Friday, September 30, 2011
A moment infused with tranquility and contentment. Across the lake, early morning sunlight streams onto the hillside. Mesmerized by the magnificence. Another day full of possibilities and potential. In this beauty, the tears fall. My body expressing the layer of grief that can only be processed on the physical level. Regardless of time spent intellectualizing the situation or focusing on the spiritual aspect, there is energy still needing to be released. This not negating the presence of the glorious day before me. Pure and simple.
Thursday, September 29, 2011
Perplexing. At times, disappointing. Various scenarios with similar outcomes. Acquaintances saying they will call. Others announcing they would love to get together. Mentioning plans to meet up. For coffee, a walk, even weekends away. Then nothing. Days, weeks, months go by. Not a word. Initiating the discussion without following through. Forgetful? Too busy? Life challenges? Or simply empty gestures? Puzzling behaviour. Often observed over the years. Still working on not getting too attached to the outcomes of these conversations. An ongoing personal challenge.
Wednesday, September 28, 2011
Another intriguing evening ahead. Focusing on the development of mediumship skills. A personal goal identified earlier this year. Keen to continue the exploration of this discipline. Improving my abilities. Taking another step forward. Building on all that has come before.
Tuesday, September 27, 2011
Shakti. Sanskrit word meaning feminine divine force. Creative power. Invoking this energy as needed. Walking in the forest or seated cross legged with palms up. Experiencing it recently in a guided meditation. My mother and both grandmothers showing up. All three positioned directly behind me. Fortifying me with the maternal energy they embodied. Supporting me in this journey. Feeling deeply reassured by their presence. As mothers, they experienced numerous challenges. Choosing this incarnation myself. Fulfilling my deepest desire. To be a mother. Thankful for all it encompasses.
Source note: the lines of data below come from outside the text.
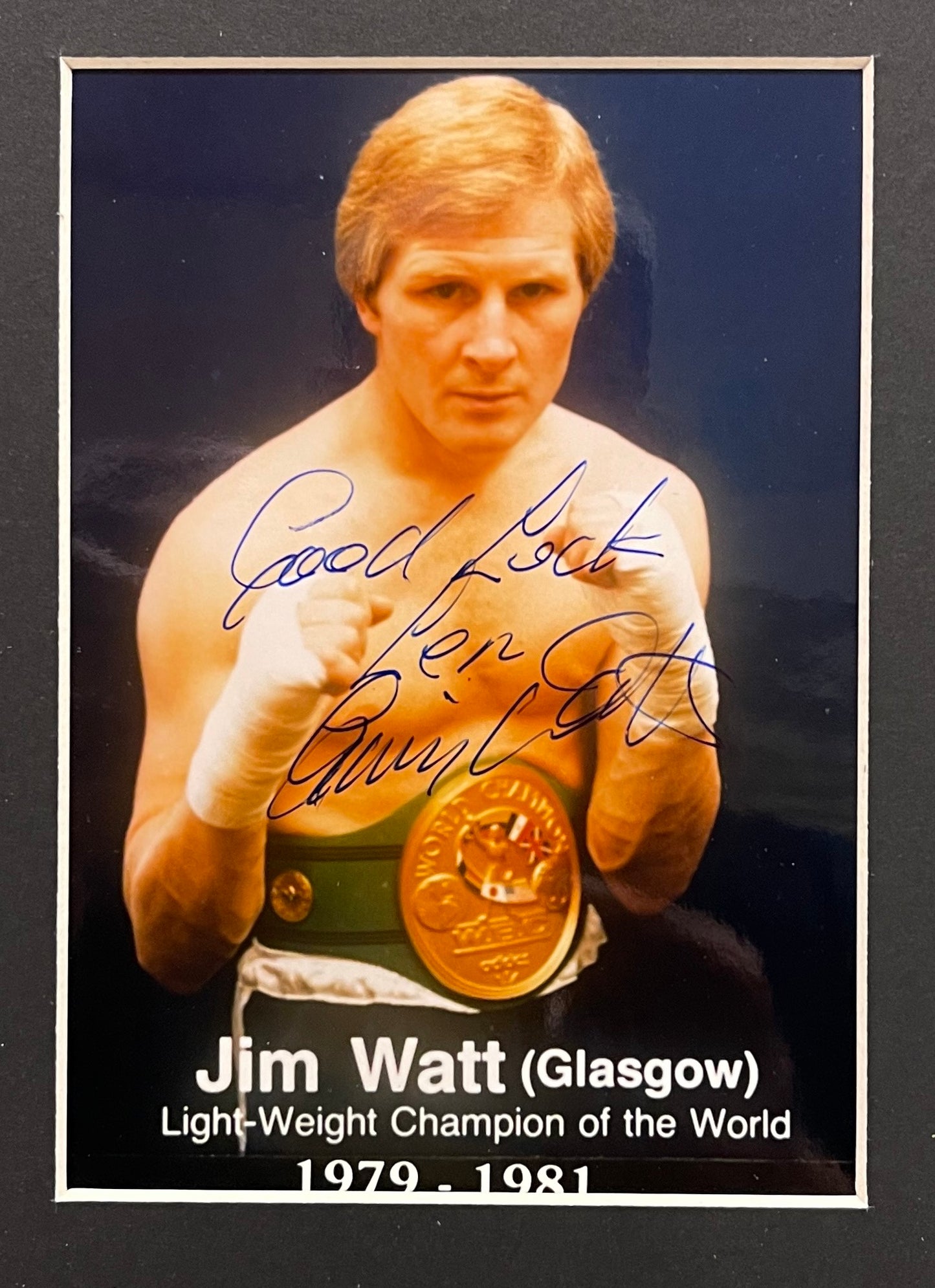 JIM WATT - FORMER WORLD LIGHTWEIGHT CHAMPION HAND SIGNED PHOTO WITH COA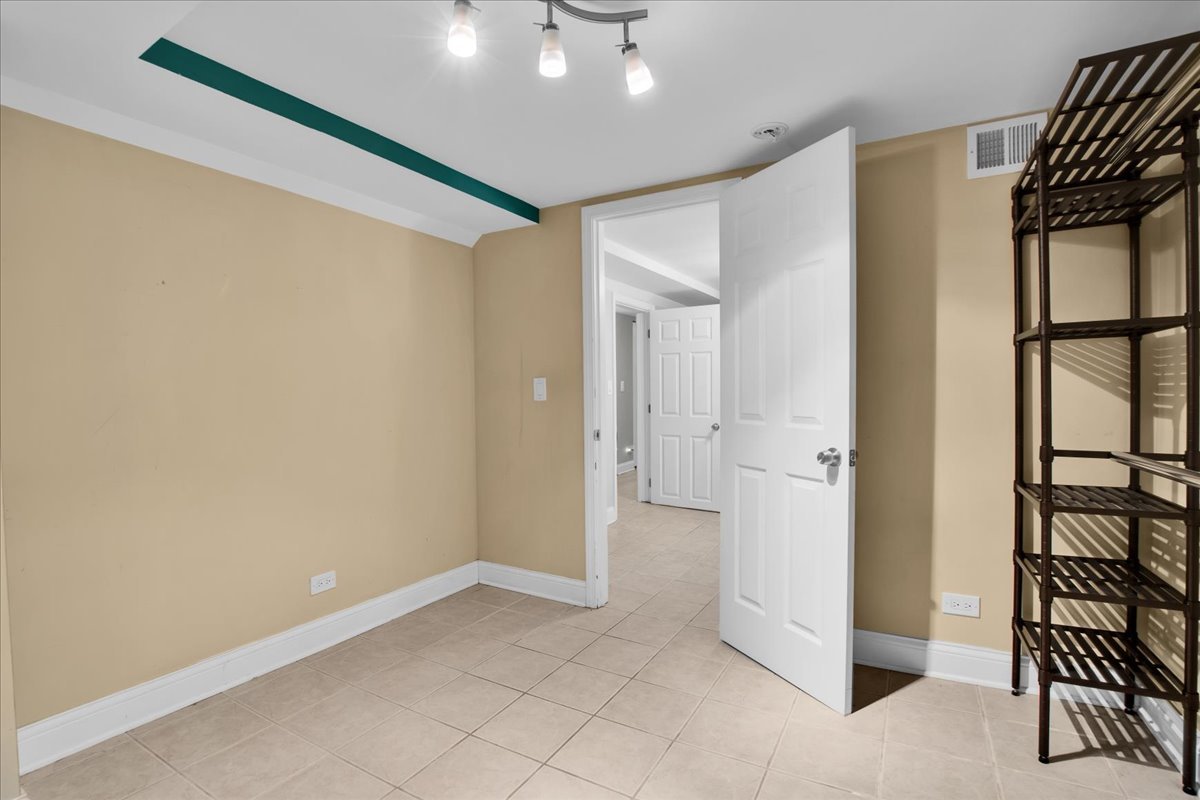 3122 Emerson Street, Franklin Park, IL 60131
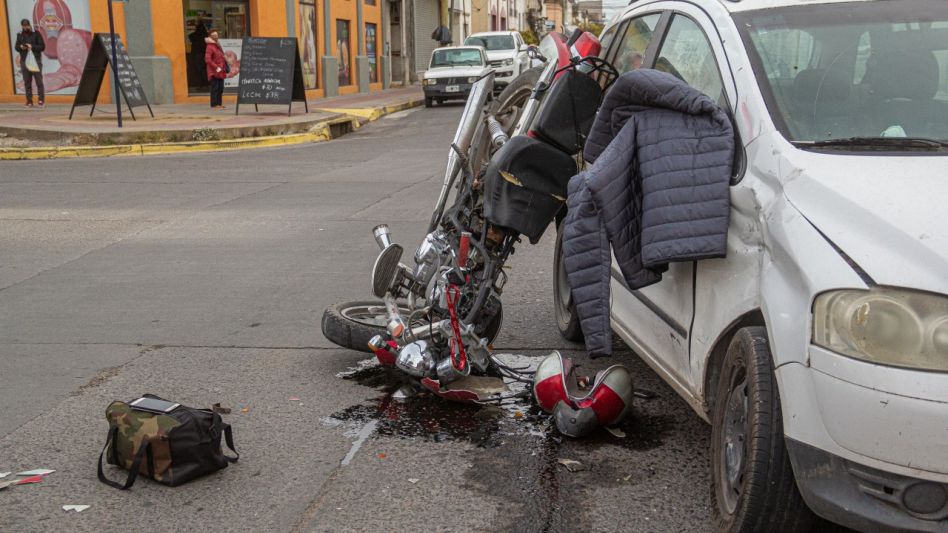 Un motociclista quedó internado luego de fuerte choque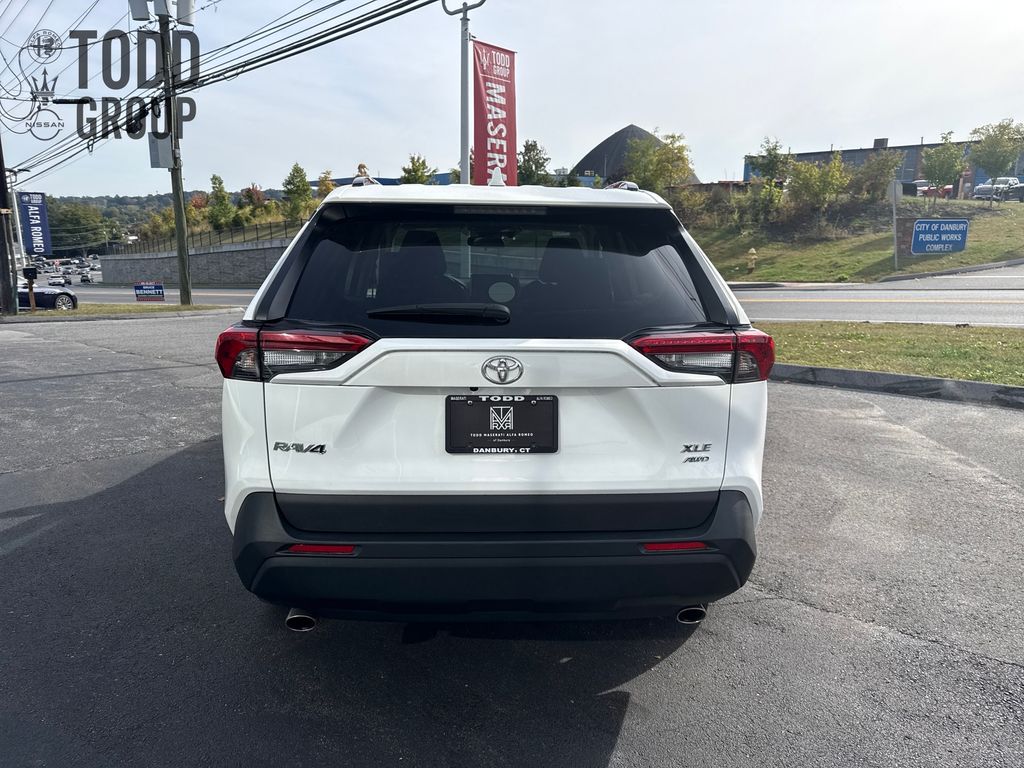 2023 Toyota RAV4 XLE photo 4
Monday, September 26, 2011
Carpe Diem. Seize the day. And what a day it was. Unseasonably warm weather. Without commitments. Decided to hike The Chief. Arriving in Squamish, we laced up and headed off. Passing moss covered boulders, majestic timbers, fast flowing river and fellow hikers. Atop the north peak, sharing a sandwich. Drinking in the amazing view. Then scrambling back down around boulders and logs, over bridges and stairways. A carefree three hour adventure. Time for coffee and people watching. Stopping to browse through a gallery. Back home, warm bath and simple pasta dinner. Followed by Scrabble and a movie. Not a day without tears but a great day to be alive.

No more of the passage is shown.